Wednesday, April 15, 2015

Prose and Progress

"Prosaic writing," said Maurice Merleau-Ponty, "limits itself to using, through accepted signs, the meanings already accepted in a given culture." Against this, he sets "a poetry of human relations—the call of each individual freedom to all the others". This way of constructing the difference between prose and poetry appeals to me, I must admit, but there is a danger in interpreting it as an argument against "prosaic writing". (When Adam Banks admonishes us to "retire" the essay and instead cultivate a "funky" sense of freedom in our students, even invoking Lorca's "duende", I imagine many people hear him as saying something like that.) After all, if given the choice between "limiting" yourself to "already accepted" meanings, on the one hand, and calling out to "each individual freedom", on the other, it seems obvious what your ambition should be. I get it. (I, too, have invoked the duende. I, too, have suggested we "put some stank on it".) But let's not abandon our culture altogether.

After all, culture is a collective accomplishment that needs, for the most part, to be conserved. When we learn to write prose, we are learning to say what our culture has already become capable of saying, what it is already "acceptable" to say. When we compare the available range of expression in prose today, with what that of, say, one-hundred years ago, we have to recognize that progress has been made. Even the diversity of voices that are allowed to express themselves in prose, i.e., that may speak as though the signs they are using are accepted in the culture, has vastly expanded over the past century. It is true that this required a great deal of "poetic" subversion of the institution of prose by great writers. Merleau-Ponty treats "great prose" as the way we realize the gains made by the "ostentatious display" of poetry's freedom. It "captures" and makes "accessible" meanings that hadn't yet been "objectified". If in poetry we call out to each other's desire to be free, in prose we help each other understand our limits. Every now and then someone figures out how to institutionalize something new, making it available to all.

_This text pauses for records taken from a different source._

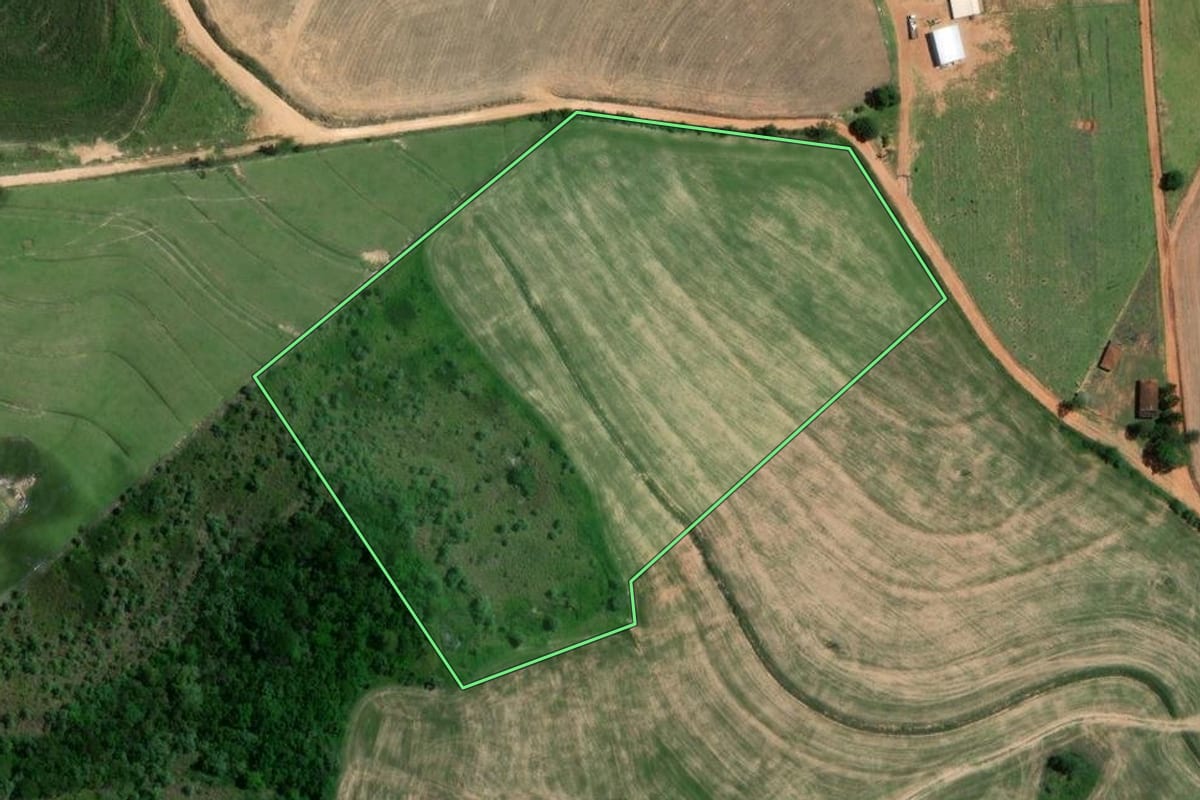 Imagem de satélite do imóvel rural em Riversul (SP), com o contorno declarado no CAR desenhado por cima.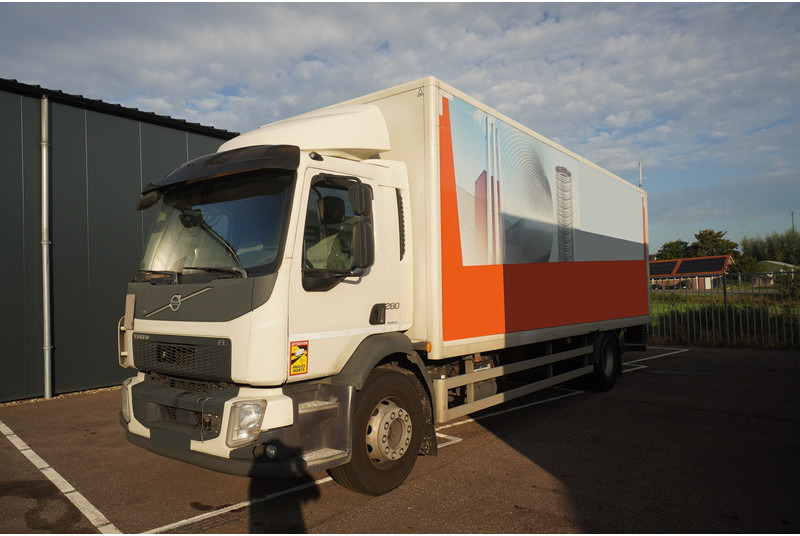 Volvo FL 280 CLOSED BOX BROKEN ENGINE NOT DRIVABLE - بصندوق مغلق شاحنة: صور 2 Volvo FL 280 CLOSED BOX BROKEN ENGINE NOT DRIVABLE - بصندوق مغلق شاحنة: صور 2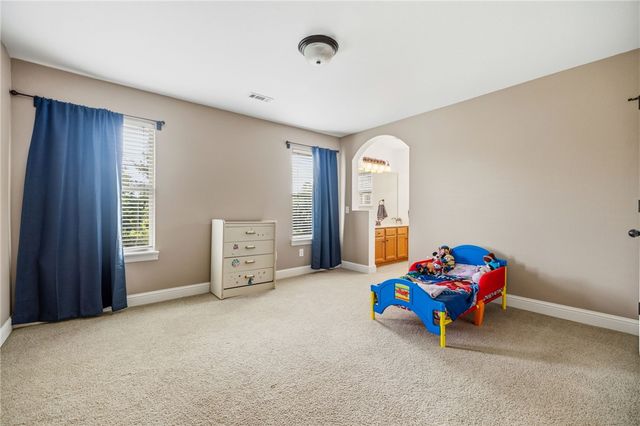1655 S Coopers Cove, Fayetteville, AR 72701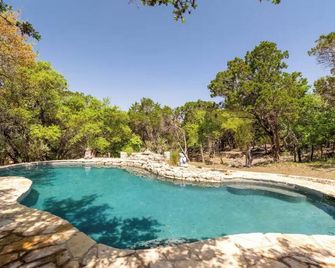 Cozy Tiny Nook in the Austin Hill Country-With Pool, HotTub, Firepit & animals! - Austin - Pool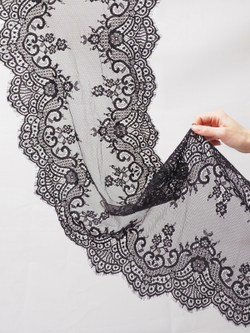 Кружево шантильи черное неэластичное ширина 36 см купон 2,9 м С БРАКОМ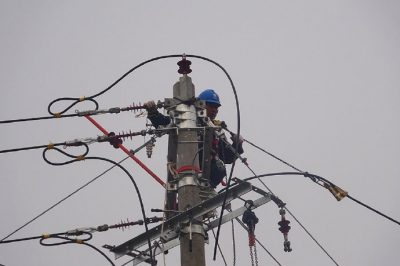 10千伏赤坂線向陽峪支線進行絕緣化改造施工 10千伏赤坂線向陽峪支線進行絕緣化改造施工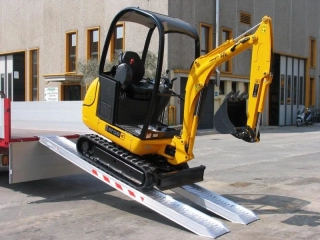 Hliníkové nájezdy, 1 pár, délka 1,5 m, výška profilu 65 mm, nosnost 3.200 kg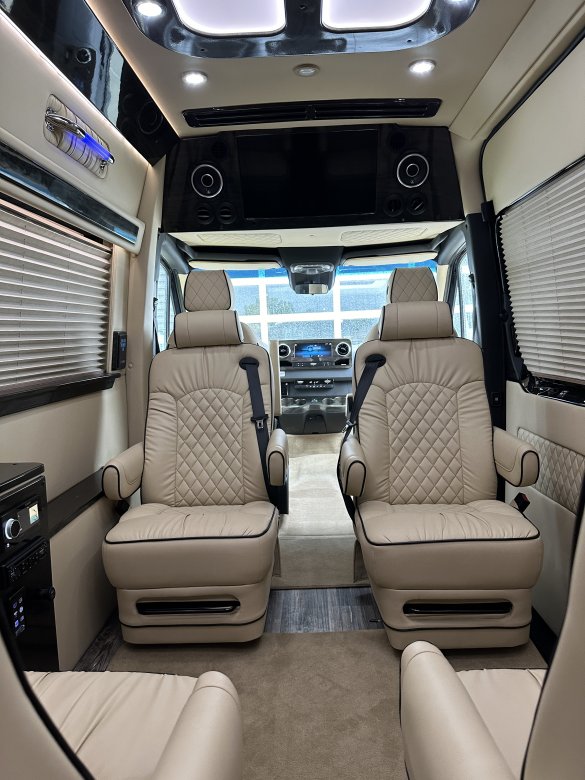 2021 Ultimate Toys Mercedes-Benz D6  Sprinter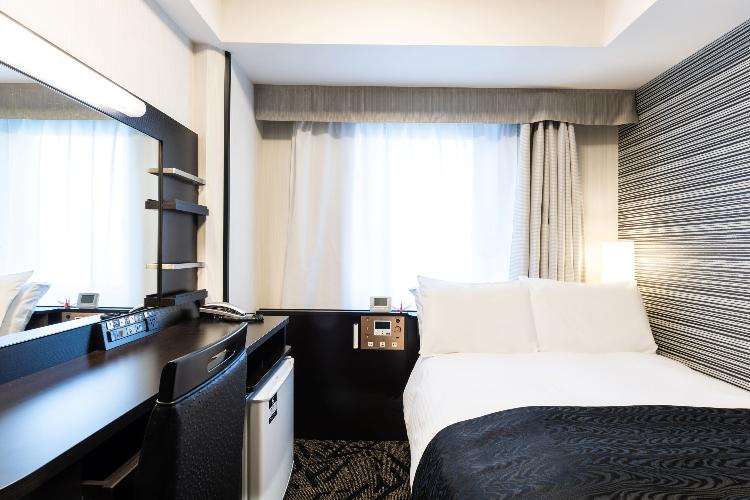 セミダブルルーム　本館　(11平米、ベッド幅120cm)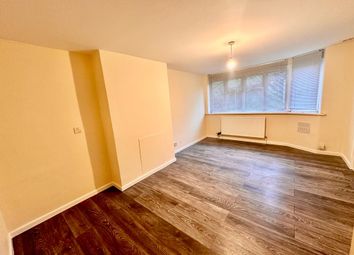 Thumbnail Flat to rent in Meadway, Barnet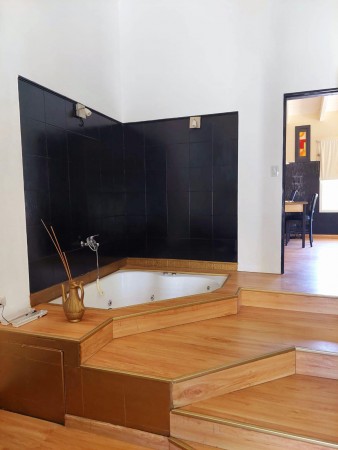 CASA DE CATEGORIA COSTA AZUL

The state of our prose is the current stage of the progress we have already made. In the composition classroom, I believe, we have to spend most our time consolidating those gains, passing on the ability to express "the meanings already accepted in a given culture". If we don't do this, and instead give the students the impression that they should be fighting against the limits of the prose essay, always transgressing the boundary of acceptable usage, forever trumping the composure of a well-crafted paragraph with the momentary excitement of a picture or a video or a song, then we are simply robbing them of their heritage. We are not teaching them the foundation of our own composure, perhaps because we ourselves have lost faith in it, overwhelmed by "the pace of change". Well, prose was always the means by which we slow things down, the way we find the time to get it right, after our poets have told us that there is something terribly wrong.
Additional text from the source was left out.